_Required work_. Transcribe this listing exactly; omit the pictures.

_Dataset content_.
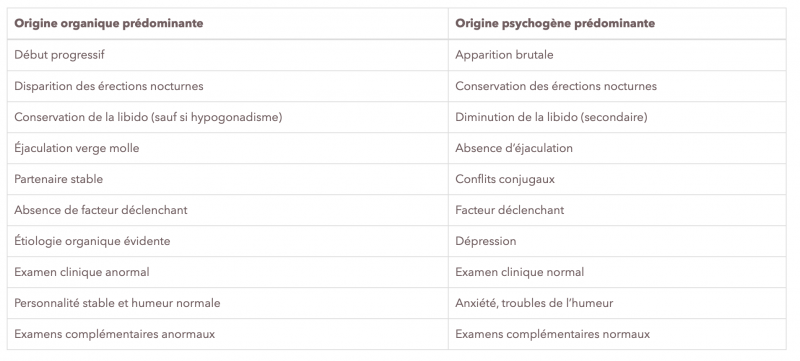 Fichier:Orientation étiologique vers une cause organique ou psychogène de la dysfonction érectile.png
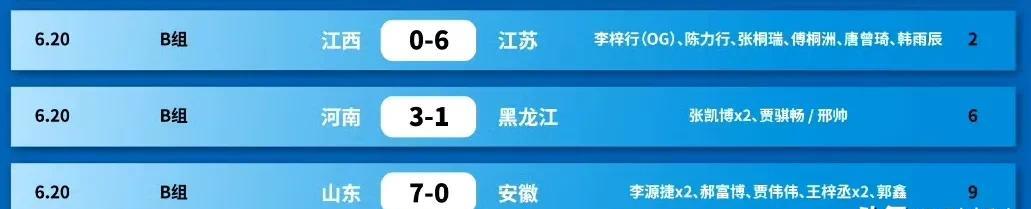 与争冠热门球队江苏U18和山东U18同分在资格赛B组，江西、安徽、河南、黑龙江四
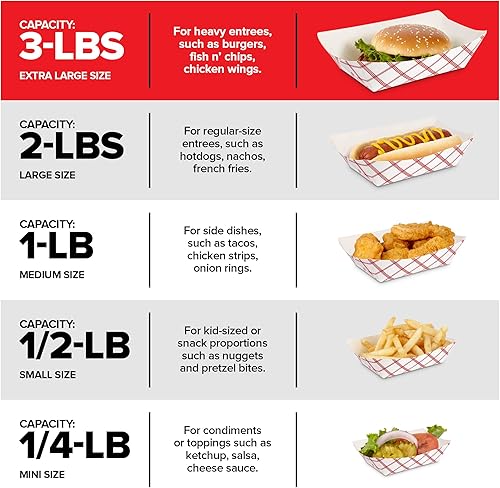 Vista 68 de Stock Your Home - Bandejas de papel a cuadros rojas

_Exercise solution_.
 Fichier:Orientation étiologique vers une cause organique ou psychogène de la dysfonction érectile.png
 与争冠热门球队江苏U18和山东U18同分在资格赛B组，江西、安徽、河南、黑龙江四
 Vista 68 de Stock Your Home - Bandejas de papel a cuadros rojas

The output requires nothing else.